--- SOURCE DATA Enclosed Below ---

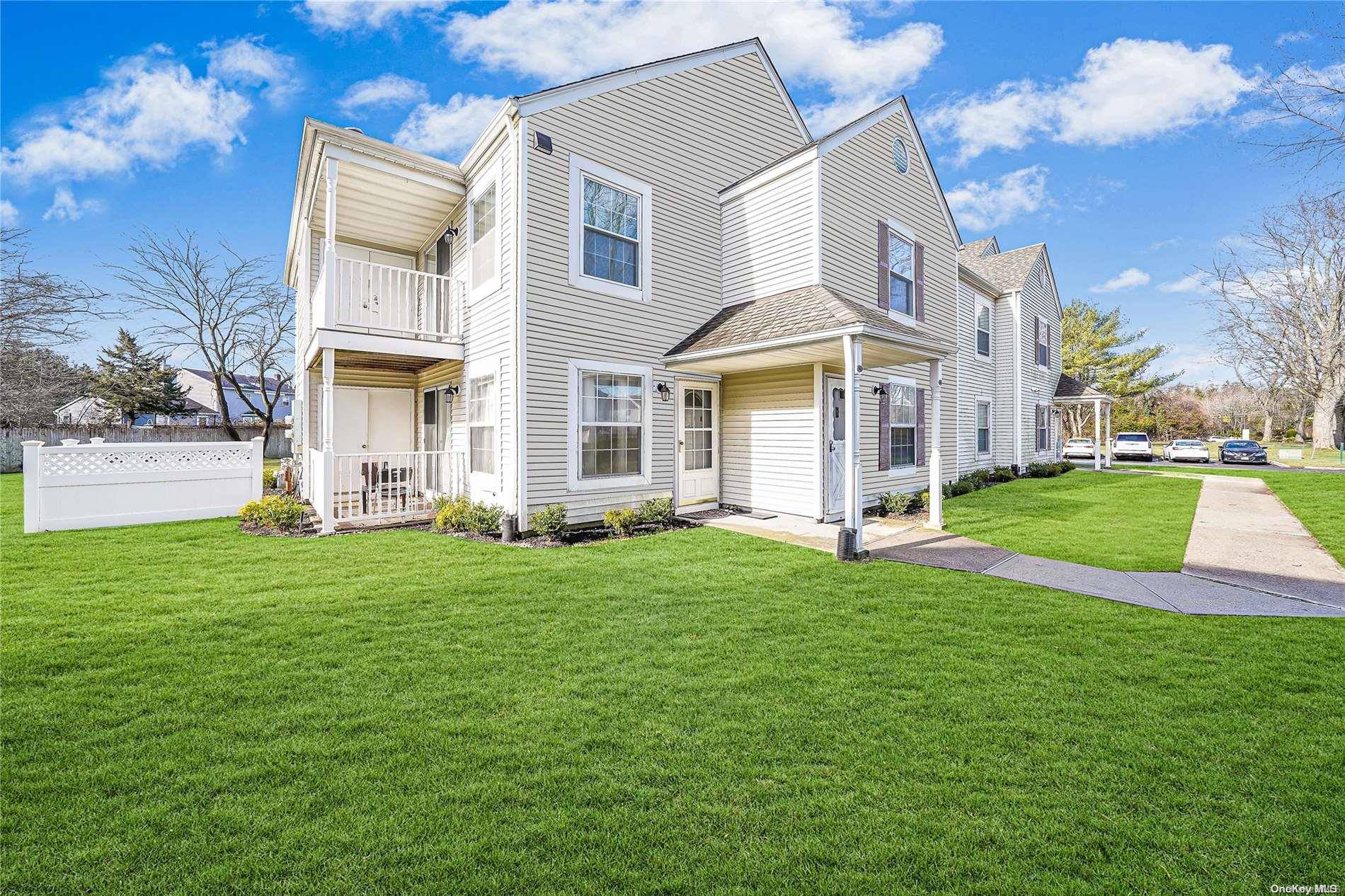 363 Artist Lake DR #363, Middle Island, NY 11953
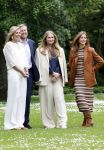 Den Haag 7 juni 2024
Fotouurte met de koninklijke familie op Huis ten Bosch .
Aanwezig Koning Willem Alexander Koningin Maxima Prinses Amalia Prinses Alexia Prinses Ariane en hun hondje Rambo.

--- End of Enclosed SOURCE DATA ---

EXERCISE AIM: The answer must be the listing above, restated word for word, with no images in it.

RESULT FOR THIS TASK:
 363 Artist Lake DR #363, Middle Island, NY 11953
 Den Haag 7 juni 2024
Fotouurte met de koninklijke familie op Huis ten Bosch .
Aanwezig Koning Willem Alexander Koningin Maxima Prinses Amalia Prinses Alexia Prinses Ariane en hun hondje Rambo.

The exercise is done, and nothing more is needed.